Alam kurang adil yang seperti apa? Birunya samudera beserta jutaan
potensi di bawahnya telah ia sediakan. Ribuan gugusan pulau membentang
dari Tanah Seram hingga Tanimbar. Belum lagi, keragaman budaya serta
peninggalan kekayaan alam nan melimpah. Hingga, potensi dan harapan
kemajuan bangsa pada pundak 1,7 juta penduduk Negeri Seribu Raja,
Maluku.
Ironisnya, dengan segala kekayaan yang dimiliki, seolah
Maluku sedang "tertidur dalam gelap". Apa yang disediakan alam belum
sepenuhnya mampu dioptimalkan. Tak heran jika Maluku masih menjadi
penghuni empat besar provinsi dengan tingkat kemiskinan tertinggi. Meski
mengalami penurunan, namun angka 17,69 persen pada periode Maret 2019
masih terlampau tinggi jika dibandingkan angka kemiskinan nasional yang
hanya sebesar 9,41 persen.
Dari sisi kualitas pembangunan sumber
daya manusia, capaian Maluku juga masih dibawah angka nasional. Tahun
2018, Indeks Pembangunan Manusia (IPM) Maluku berada pada titik 68,87
poin yang berkategori sedang. Sementara IPM Indonesia pada waktu yang
sama sebesar 71,39 yang berkategori tinggi.
Kedua indikator
tersebut seakan menegaskan kalimat pembuka, alam kurang adil seperti
apa? Dengan begitu banyak potensi, data justru berkata lain. Apa kita
sebagai generasi muda akan tinggal diam? Membiarkan Maluku berjalan
dalam kegelapan tanpa pijar nyala benih-benih harapan?
Menemukan Solusi
Memang bukan pekerjaan mudah untuk mengubah itu semua. Perlu ditemukan solusi mengapa Maluku masih menjadi penghuni the big four
wilayah miskin di Indonesia.

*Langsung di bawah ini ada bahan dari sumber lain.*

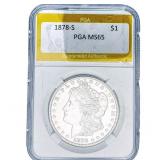 1878-S Morgan Silver Dollar PGA MS65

Jika melihat hasil pendataan Susenas Maret
2019, kemiskinan di Maluku masih didominasi wilayah perdesaan. Bahkan
kemiskinan di perdesaan lima kali lebih tinggi dibandingkan wilayah
perkotaan.
Menurut BPS, persentase penduduk miskin di perdesaan
Maluku pada Maret 2019 adalah sebesar 26,83 persen. Sementara di
perkotaan hanya 5,84 persen. Secara sekilas perbedaan kemiskinan antara
di desa dan kota tampak begitu mencolok. Sepertinya terdapat masalah
yang cukup serius pada wilayah perdesaan di Maluku sehingga masih
mencatatkan tingkat kemiskinan yang tinggi.
Padahal program
pemerintah pusat dalam balutan Nawacita begitu jelas memprioritaskan
permasalahan di perdesaan. Salah satu poin Nawacita berbunyi, "Membangun
Indonesia dari pinggiran dengan memperkuat daerah-daerah dan desa dalam
kerangka negara kesatuan." Kalimat tersebut begitu jelas mengatakan
pentingnya membangun negara yang dimulai dengan membangun desa.
Di
Maluku sendiri berdasarkan pendataan Potensi Desa (Podes) 2018, masih
terdapat 558 (46,42 persen) desa yang berstatus desa tertinggal.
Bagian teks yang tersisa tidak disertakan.